**Stored data**
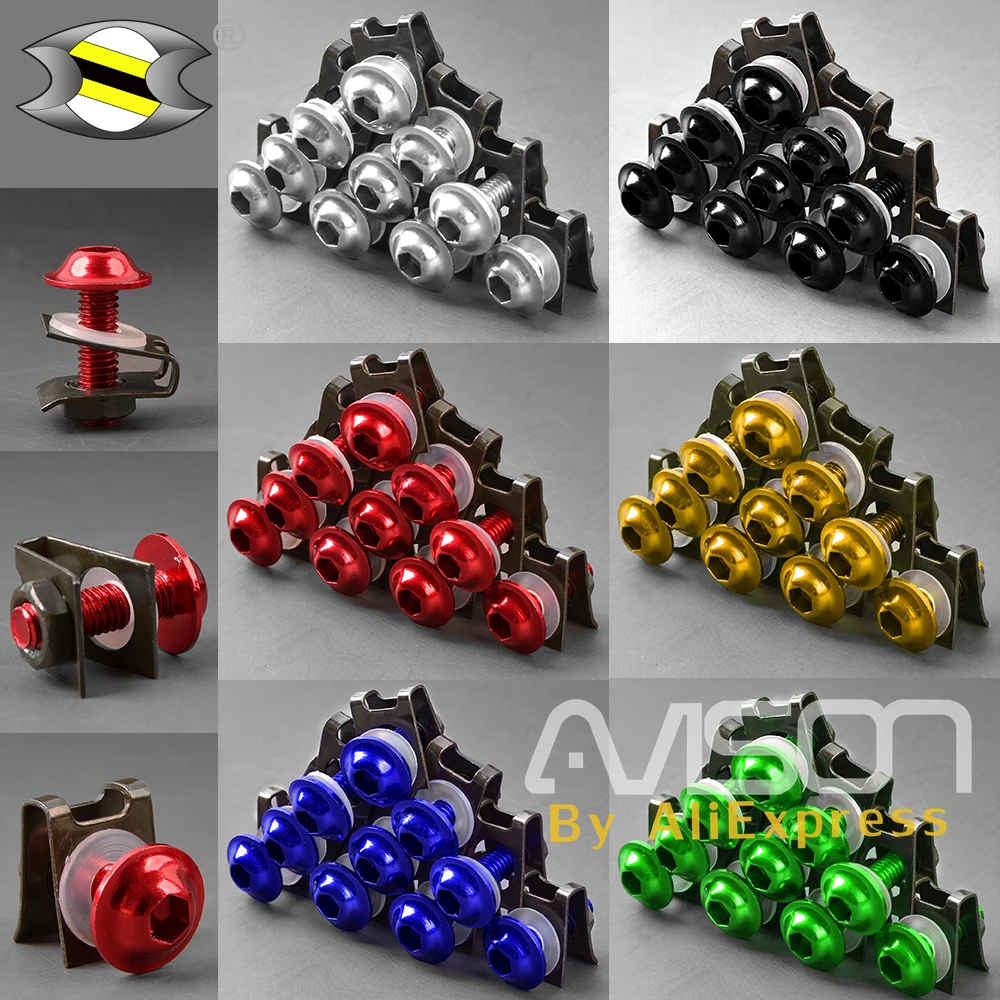 

Motorcycle Bolts Screw M6 x 15mm Universal Motorcycle Fairing Body Bolts Scooter Nuts Bolts M6 Spire Speed Fastener Clips Screw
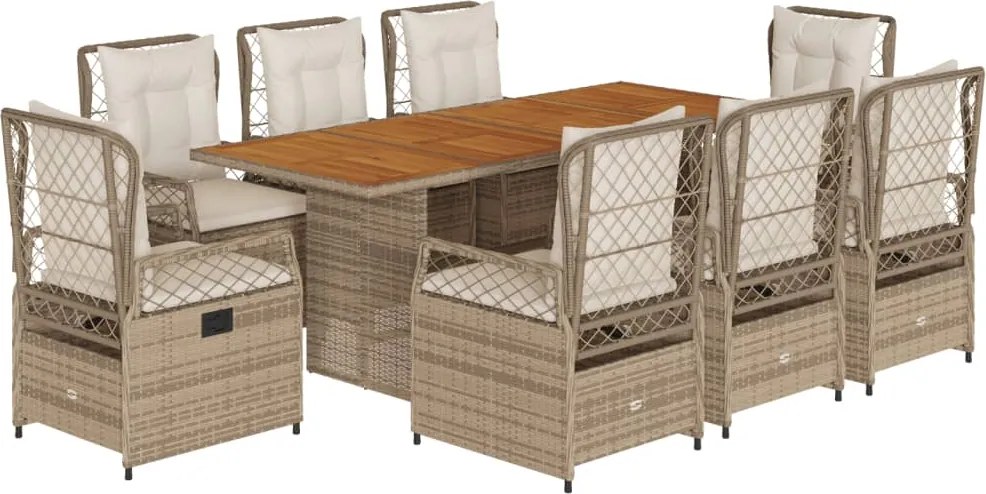 vidaXL Set de masă pentru grădină, 9 piese, cu perne, bej, poliratan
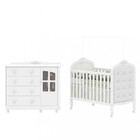Quarto De Bebê Berço Mini Cama Com Capitonê Mdf Cômoda Elô Ne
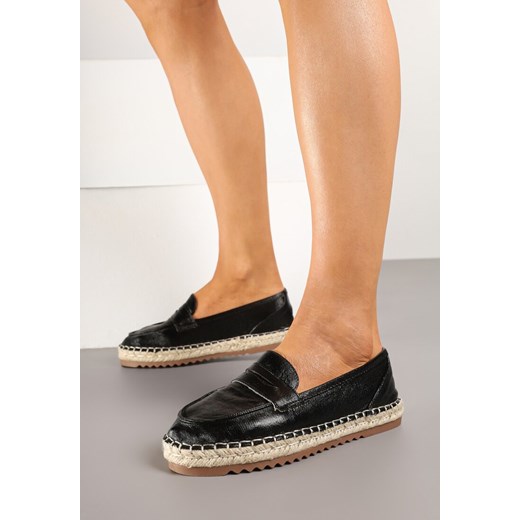 Czarne Espadryle z Ozdobnym Paskiem i Plecionką Terlivin ze sklepu born2be.pl w kategorii Espadryle damskie - zdjęcie 178436791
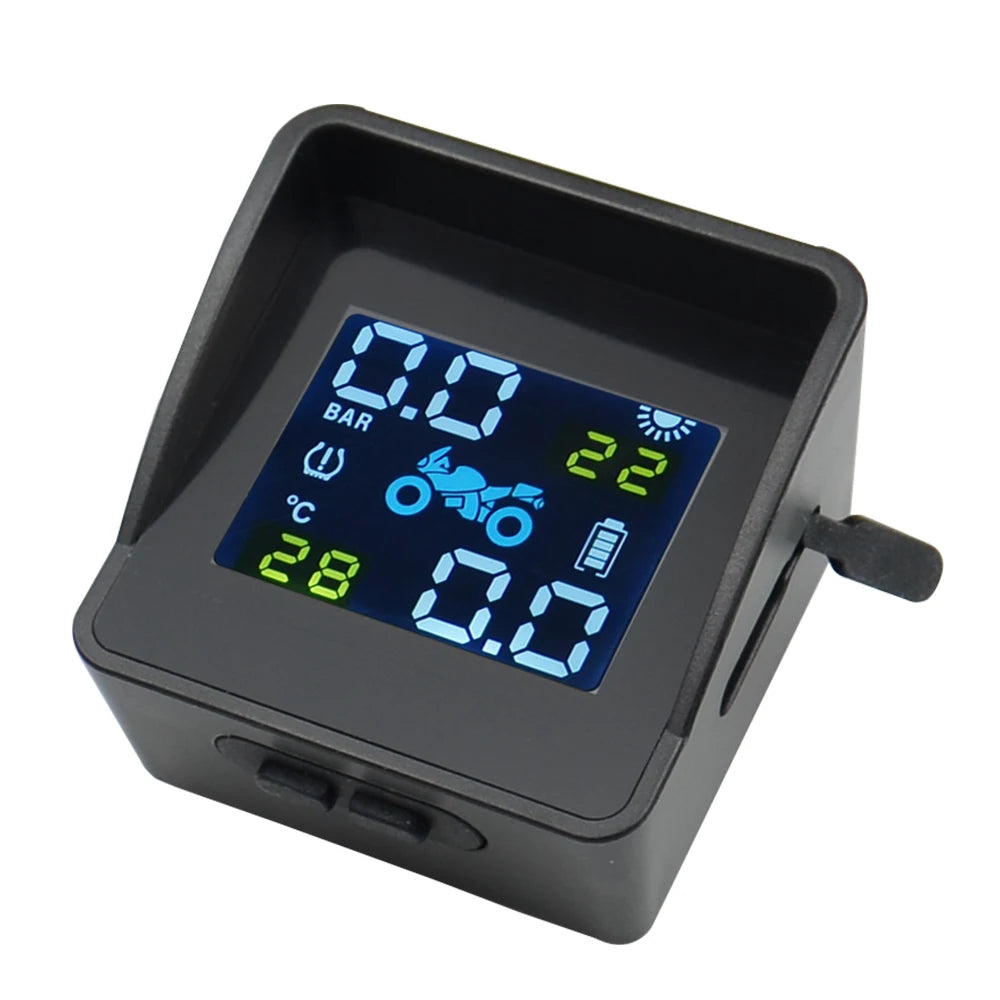 Best quality USB Solar Charging Motorcycle TPMS Motor Tire Pressure Tyre Temperature Monitoring Alarm System with 2 External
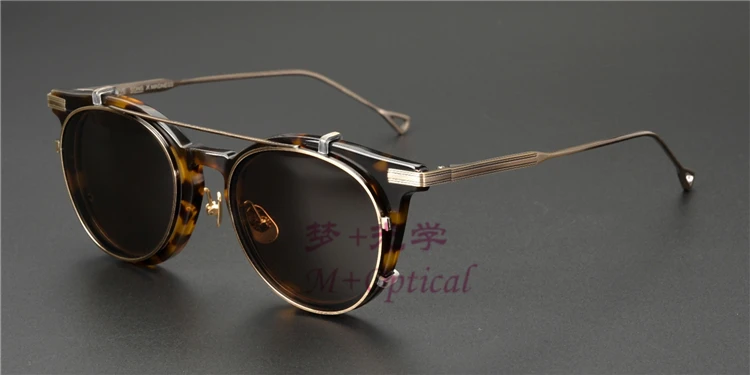 Винтажные Ретро Круглые Солнцезащитные очки с клипсой, оправа из чистого титана и ацетата, модный пилотный тип, чехол в коробке, женские и мужские очки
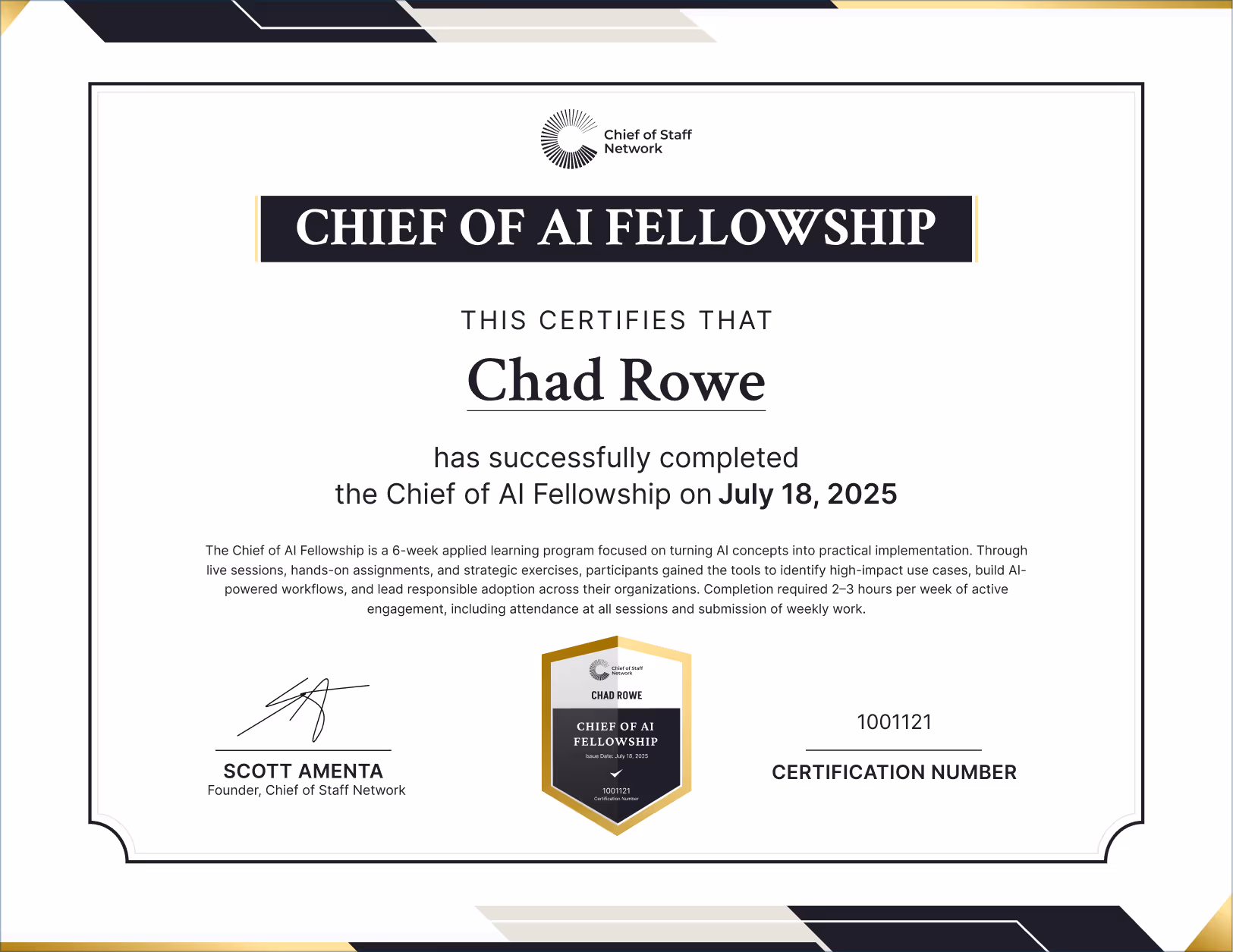 Chief of AI Fellowship (Chad Rowe)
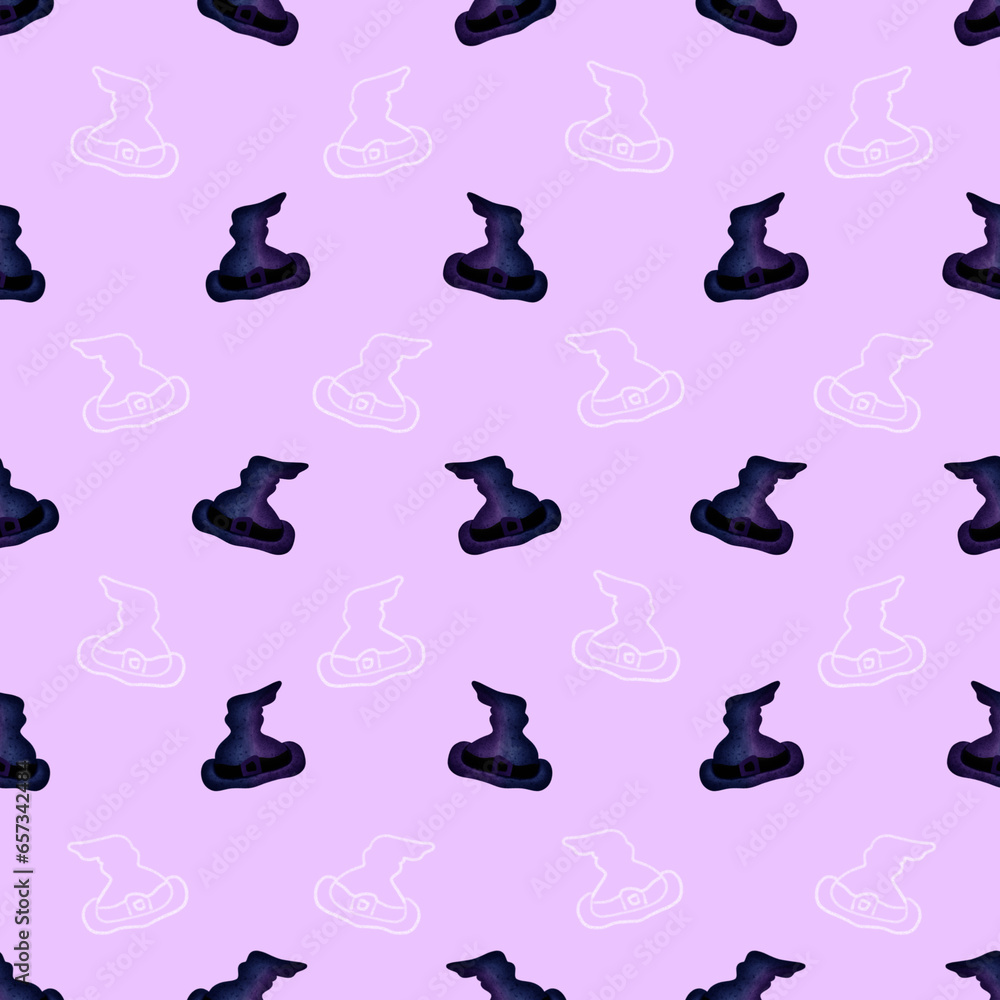 Halloween seamless pattern on purple background with hat and doodle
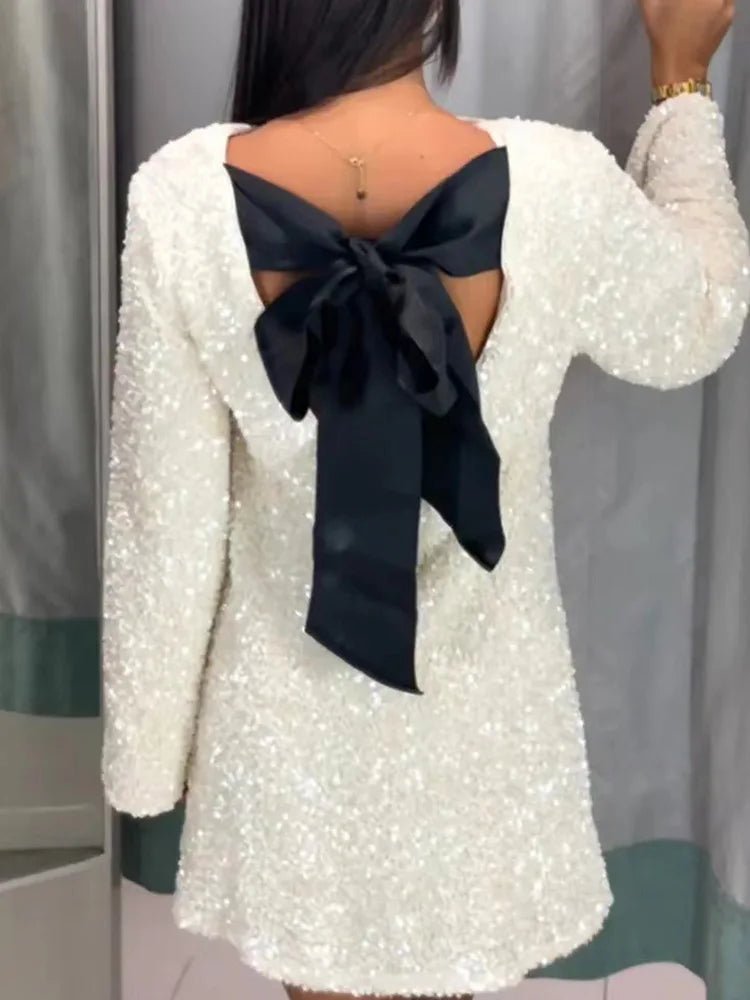 New O - Neck Autumn Winter Party Dress, Women Loungewear Fashon Long Sleeve Mini Dress, Solid Lace - Up Sequins Ladies Dress Vestido - SN Wigs & More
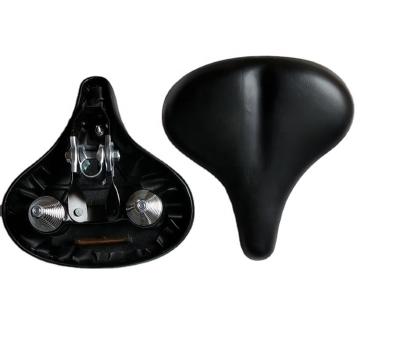 China Bicycle Single Seat Wide Thick Thick Saddle For Cycling Black Color Leather E-saddle for sale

**Your goal**
No pictures belong in the answer; copy all other parts of the listing exactly.

**Problem solution**
Motorcycle Bolts Screw M6 x 15mm Universal Motorcycle Fairing Body Bolts Scooter Nuts Bolts M6 Spire Speed Fastener Clips Screw
 vidaXL Set de masă pentru grădină, 9 piese, cu perne, bej, poliratan
Quarto De Bebê Berço Mini Cama Com Capitonê Mdf Cômoda Elô Ne
 Czarne Espadryle z Ozdobnym Paskiem i Plecionką Terlivin ze sklepu born2be.pl w kategorii Espadryle damskie - zdjęcie 178436791
 Best quality USB Solar Charging Motorcycle TPMS Motor Tire Pressure Tyre Temperature Monitoring Alarm System with 2 External
 Винтажные Ретро Круглые Солнцезащитные очки с клипсой, оправа из чистого титана и ацетата, модный пилотный тип, чехол в коробке, женские и мужские очки
 Chief of AI Fellowship (Chad Rowe)
 Halloween seamless pattern on purple background with hat and doodle
 New O - Neck Autumn Winter Party Dress, Women Loungewear Fashon Long Sleeve Mini Dress, Solid Lace - Up Sequins Ladies Dress Vestido - SN Wigs & More
 China Bicycle Single Seat Wide Thick Thick Saddle For Cycling Black Color Leather E-saddle for sale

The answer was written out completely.